Así ocurre, de forma casi paródica, con las respuestas que da Hemingway para no contestar a las preguntas de Plimpton. Cuando este le interroga por el esfuerzo que tuvo que hacer para desarrollar el estilo que distingue su obra, el autor arguye que «esa pregunta requiere una respuesta larga y laboriosa, y si dedicara un par de días a contestarla, llegaría un momento en que sería tan consciente de mí mismo que no podría escribir». O cuando el entrevistador se interesa por el proceso mediante el que una persona real se transforma en personaje, y Hemingway responde: «Si explicara en qué consiste, esto se convertiría en un manual para abogados especializados en demandas por difamación». No en vano, según el autor estadounidense, el don más esencial de un buen escritor es «llevar integrado un detector de gilipolleces a toda prueba». Pero Plimpton, que parece hacer oídos sordos a su interlocutor, insiste con lo que considera «una cuestión fundamental» (la función de la literatura, la importancia de la representación…): «¿Para qué devanarse los sesos con eso? [se pregunta el escritor] Uno inventa algo a partir de cosas que han pasado y cosas que existen, empleando como materia prima todo lo que sabe y todo lo que no puede saber, y el resultado no es una representación, sino algo completamente nuevo, más auténtico que cualquier cosa real o viva. El autor da vida a su creación, y si hace su trabajo lo bastante bien, también le da la inmortalidad. Esa es la razón por la que escribo, y ninguna otra que yo sepa. Pero, ¿qué hay de todas las razones que nadie conoce?»

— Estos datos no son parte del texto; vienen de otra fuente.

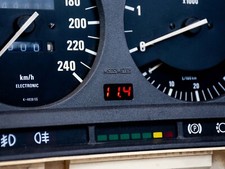 BMW e30 quadro strumenti luce di controllo voltmetro display tensione aggiunt...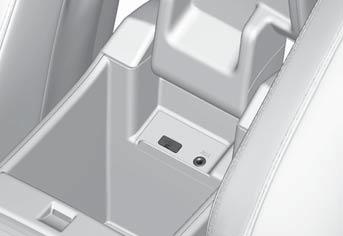 06 Informační systém Externí audiozdroj přes vstup AUX/USB* Všeobecné informace Je-li vůz vybaven klávesnici na volantu* nebo dálkovým ovladačem*, lze často použít místo tlačítek na středové konzole
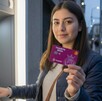 Joven retirando depósito de su Tarjeta Rosa de Guanajuato.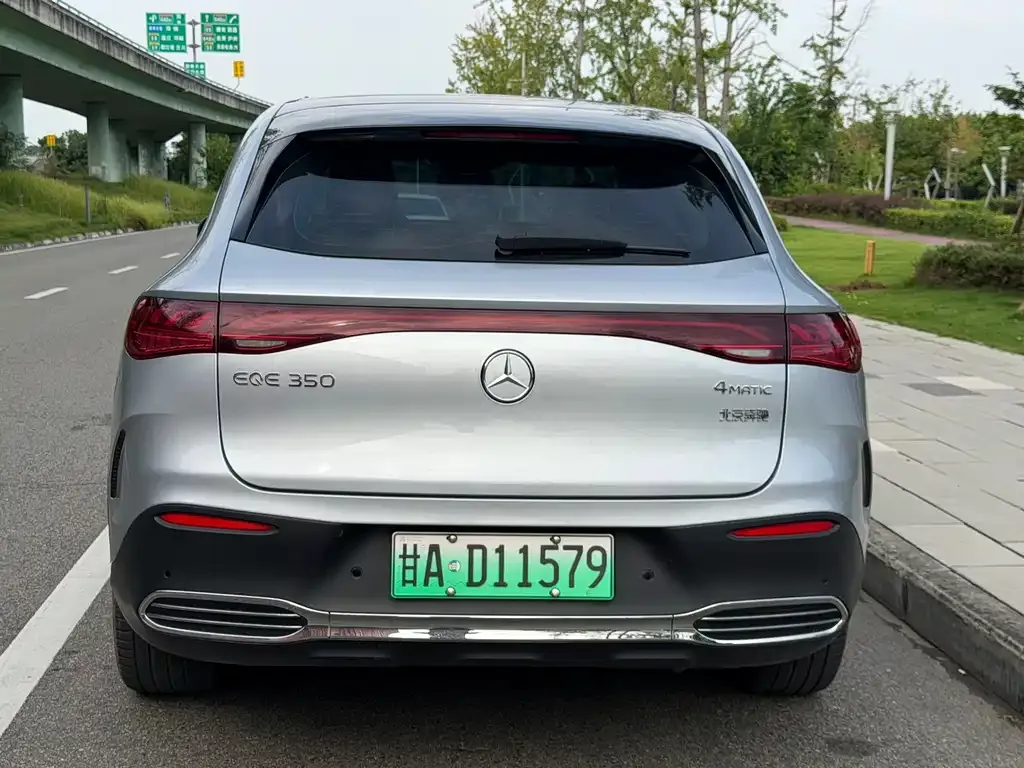 Mercedes-Benz EQE SUV — фото 3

Incluso en los pasajes con cierto humor, el trasfondo de amargura es tan espeso que podría tocarse con las manos. En esa última pregunta retórica, Hemingway parece cifrar todo su cansancio —de la entrevista, pero también de algo más—. El misterio de la creación, de la escritura, que trata de reducir a la práctica pero que finalmente reconoce más allá de todo eso —»¿qué hay de todas las razones que nadie conoce?»— parece pesar sobre sus hombros. La pesca, la caza, los toros, las fiestas, los viajes, las rutinas de trabajo e incluso las respuestas más mordaces parecen querer disimular ese desconocimiento absoluto por lo que quiera que sea que lo empuja a escribir y que hace de esa actividad su vicio más irrenunciable y su mayor placer. De ahí la importancia ritual y casi sagrada que otorga a la labor literaria:
«¿Le resulta fácil pasar de un proyecto a otro, o no empieza nada nuevo hasta que no termina lo que tiene entre manos?», le pregunta el entrevistador hacia el final de la conversación. Hemingway, que ha subrayado en más de una ocasión el carácter rancio o poco interesante de las preguntas de Plimpton, responde: «El hecho de que haya interrumpido un trabajo importante para contestar a estas preguntas demuestra que mi estupidez merece un duro castigo. Y lo tendré, no le quepa duda».